Direct inference and control of genetic population structure from RNA sequencing data
Muhamad Fachrul, Abhilasha Karkey, Mila Shakya, Louise M. Judd, Taylor Harshegyi, Kar Seng Sim, Susan Tonks, Sabina Dongol, Rajendra Shrestha, Agus Salim, STRATAA study group, Anup Adhikari, Happy Banda, Christoph J. Blohmke, Thomas C. Darton, Yama F Mujadidi, Maheshwar Ghimire, Jennifer Hill, Tran Do Hoang Nhu, Tikhala Makhaza Jere, Moses Kamzati, Yu-Han Kao, Clemens Masesa, Maurice Mbewe, Harrison Msuku, Patrick Munthali, Tran Vu Thieu Nga, Rose Nkhata, Neil J. Saad, Trinh Van Tan, Deus Thindwa, Farhana Khanam, James Meiring, John D. Clemens, Gordon Dougan, Virginia E. Pitzer, Firdausi Qadri, Robert S. Heyderman, Melita A. Gordon, Merryn Voysey, Stephen Baker, Andrew J. Pollard, Chiea Chuen Khor, Christiane Dolecek, Buddha Basnyat, Sarah J. Dunstan, Kathryn E. Holt, Michael Inouye
Abstract
RNAseq data can be used to infer genetic variants, yet its use for estimating genetic population structure remains underexplored. Here, we construct a freely available computational tool (RGStraP) to estimate RNAseq-based genetic principal components (RG-PCs) and assess whether RG-PCs can be used to control for population structure in gene expression analyses.
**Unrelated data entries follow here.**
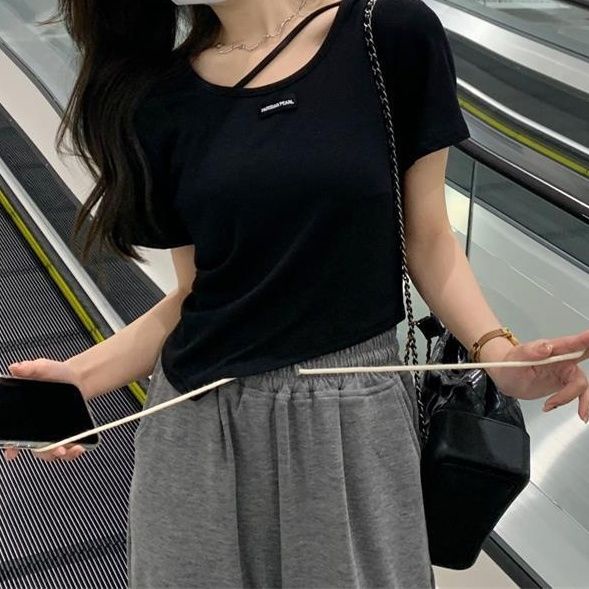 Áo Thun Tay Ngắn cổ tròn  Dáng Ôm Thời Trang Mùa Hè Cho Đen và trắng thiết kế không thường xuyên Nữ JH-TX-218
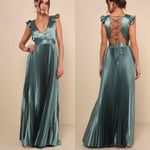 Lulus  Exceptional Drama Sage Green Satin Lace-Up Pleated Maxi Dress Photo 8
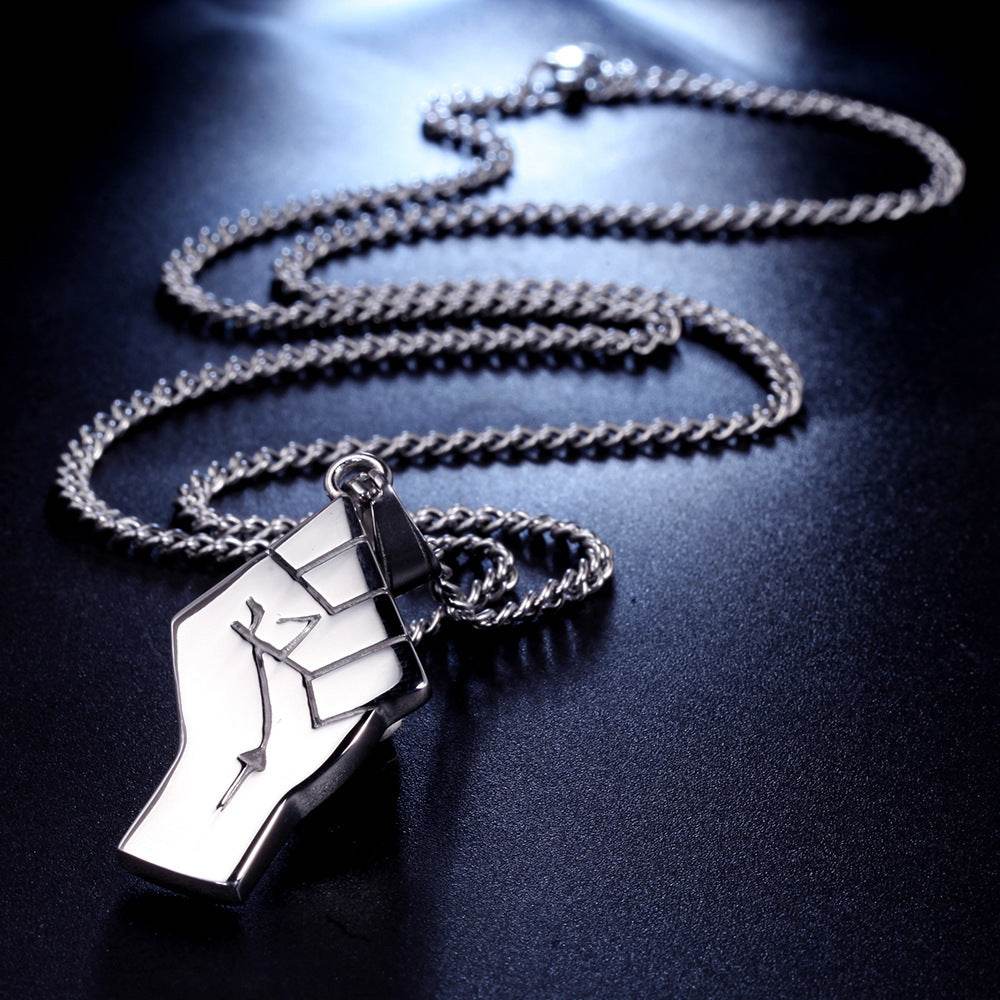 Mens Gold Fist Titanium Steel Pendant Necklace - Mubimart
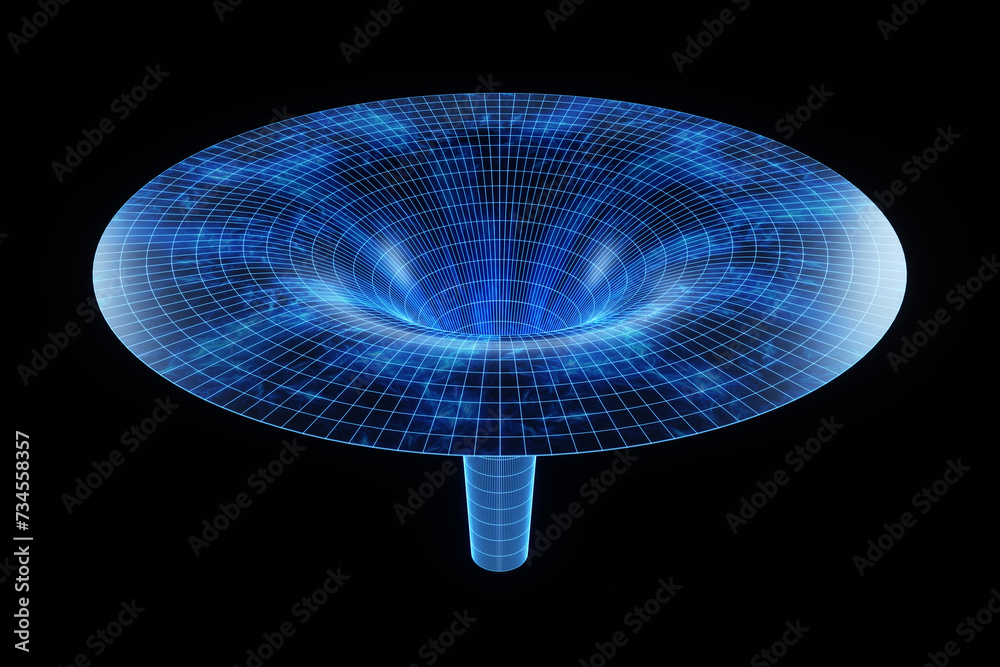 Canvas Prints the coiled space of time is connected by a tunnel or wormhole, the einstein-rosen bridge. science fi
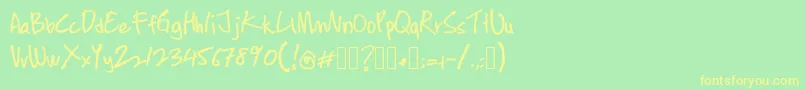 Fonte ContengMarker – fontes amarelas em um fundo verde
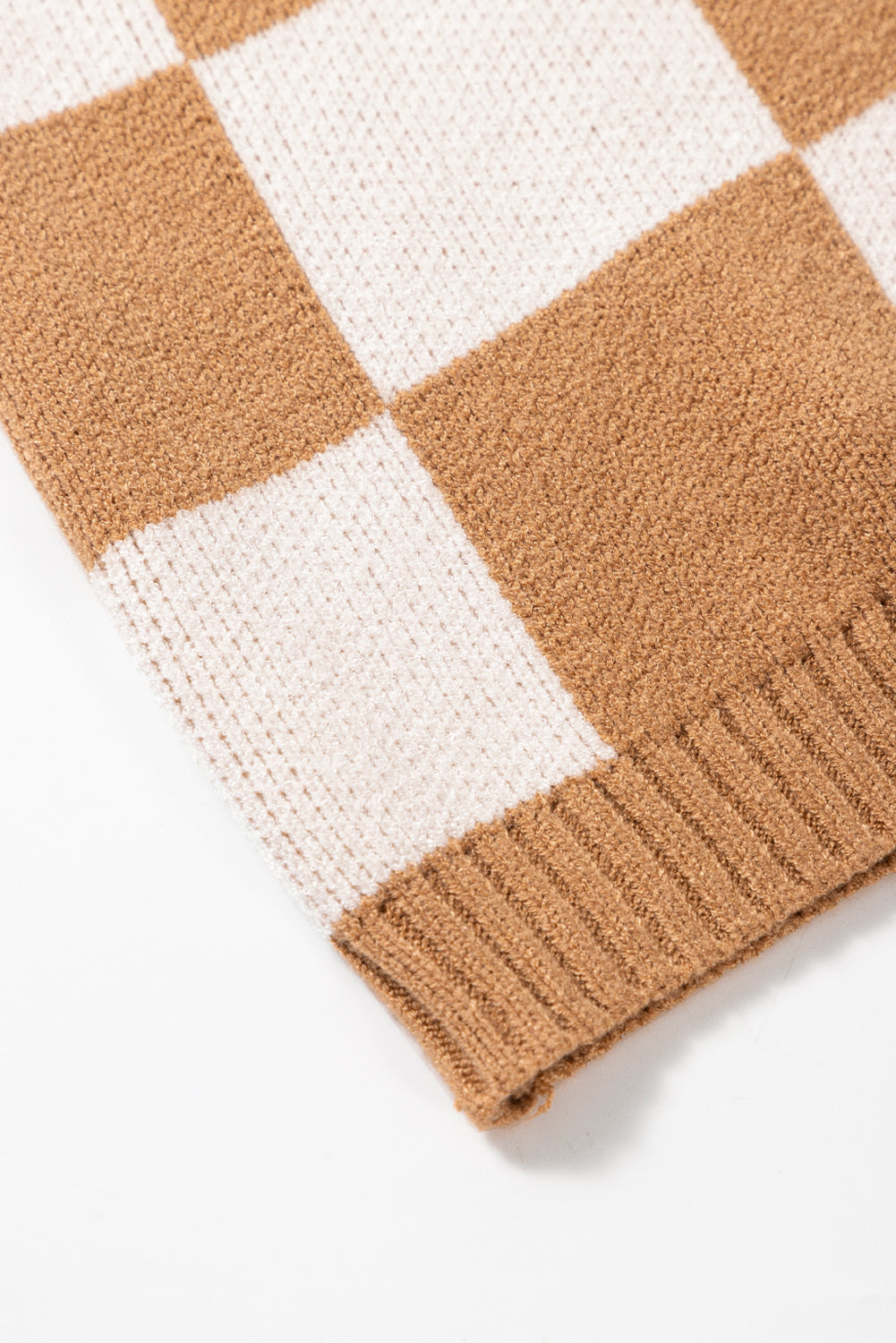 Light French Beige Checkered Knit Dolman Short Sleeve Sweater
Using whole blood samples from understudied Nepalese populations and the Geuvadis study, we show that RG-PCs had comparable results to paired array-based genotypes, with high genotype concordance and high correlations of genetic principal components, capturing subpopulations within the dataset. In differential gene expression analysis, we found that inclusion of RG-PCs as covariates reduced test statistic inflation. Our paper demonstrates that genetic population structure can be directly inferred and controlled for using RNAseq data, thus facilitating improved retrospective and future analyses of transcriptomic data.